La Chine, par exemple, s’inquiète désormais très sérieusement de résoudre le problème des émissions en sortie des centrales électriques. Et à ce jeu, à condition de s’en donner les moyens, il sera toujours plus efficace d’agir sur quelques cheminées de grosses installations, plutôt que sur des millions de voitures thermiques.

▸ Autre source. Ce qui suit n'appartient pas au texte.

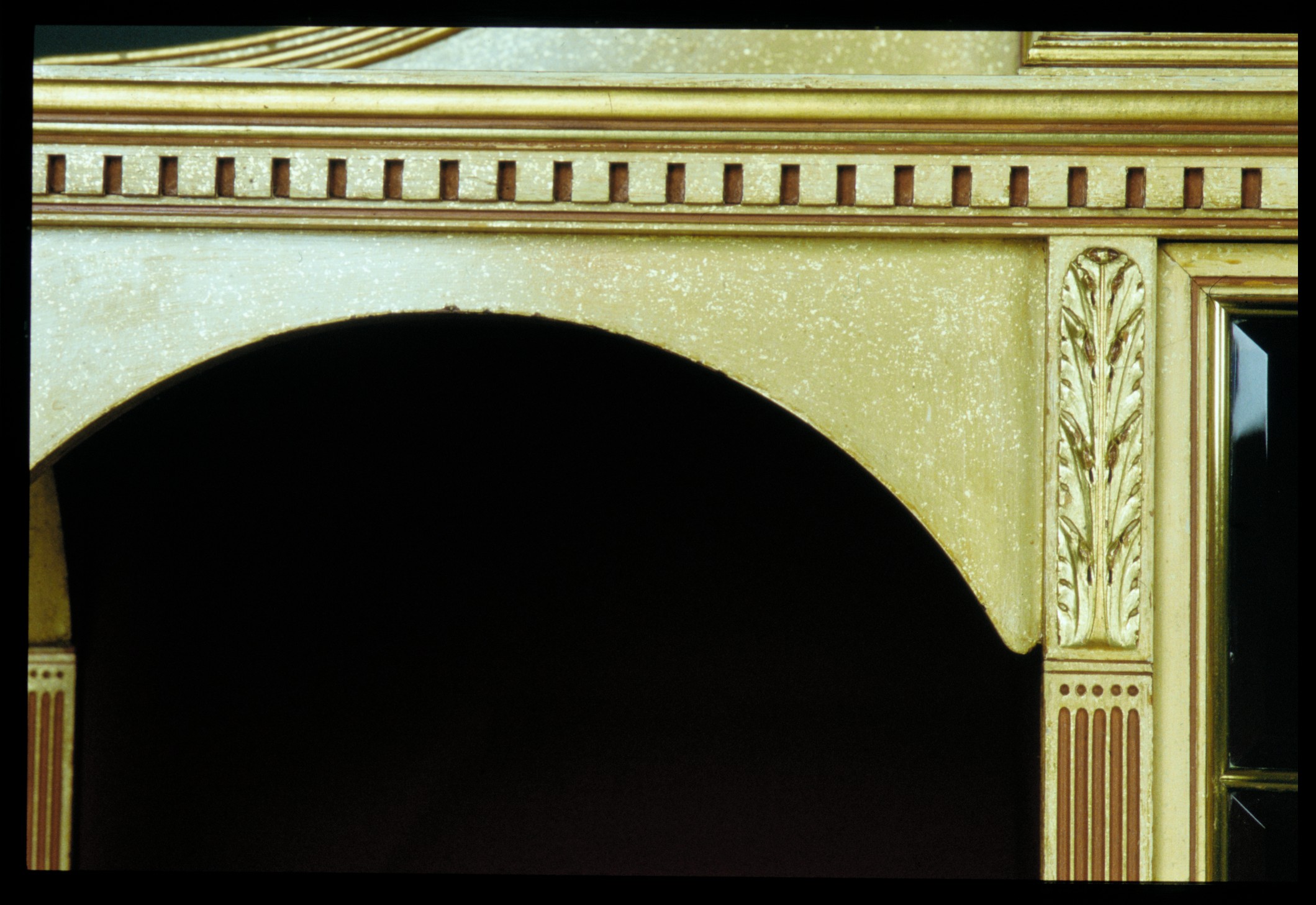 Cabinet, detail of the pediment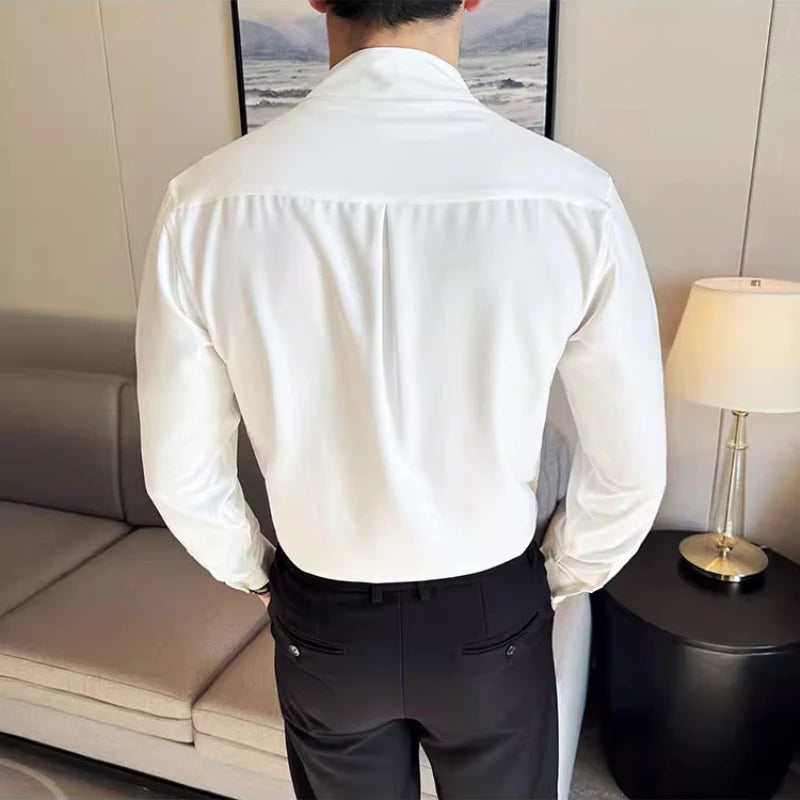 Advanced Sexy V-neck Men's Long Sleeved Shirt Designer Stand Up Collar Shirt Business Social Slim Fit Black and White Top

Polluante la voiture électrique ?

Lors de sa production, on emploie souvent, mais pas toujours, du lithium et des terres rares régulièrement pointés du doigt par les détracteurs du genre. Mais encore une fois, s’arrêter au seul impact de la voiture électrique pour réhabiliter celle à énergie fossile jusqu’à la reverdir un peu, c’est très incomplet. Il ne faudrait tout de même pas oublier les dégâts causés par le pétrole sur les écosystèmes, les populations et la stabilité de diverses régions du monde. On trouverait aussi bien des choses à dire concernant la filière de l’atome. Et, à l’opposé, sur ce que contiennent les systèmes de dépollution, et en particulier les métaux employés dans les filtres à particules installés sur les diesel. La voiture électrique ne fait pas pire à l’échelle mondiale : elle fait ailleurs ! Dans tous les cas, il faut condamner les situations extrêmes. Mais au niveau de l’automobiliste, rouler en France à bord d’une voiture électrique ne sera globalement pas pire, en termes de pollution, que de continuer à faire tourner les pompes à essence. Ce sera même mieux localement et à l’échelle du pays, puisqu’il n’y a pas de rejets nocifs sur son passage.

Se tourner vers demain

Puisque nous avons cité un article de Ouest-France pour démarrer la polémique, exploitons aussi ce quotidien pour le mot de la fin. Son édition du 4 décembre donnait la parole à Jean Gaubert, président du Syndicat départemental d’énergie des Côtes-d’Armor : « Il faut proposer à nos enfants autre chose que des voitures qui produisent des rejets dangereux. C’est vrai que l’électricité provient du nucléaire aujourd’hui, mais la loi de transition énergétique développe les énergies renouvelables. Je ne me situe pas aujourd’hui, mais dans vingt ans ». Et c’est bien de cela qu’il s’agit au final : envisager et préparer la mobilité de demain.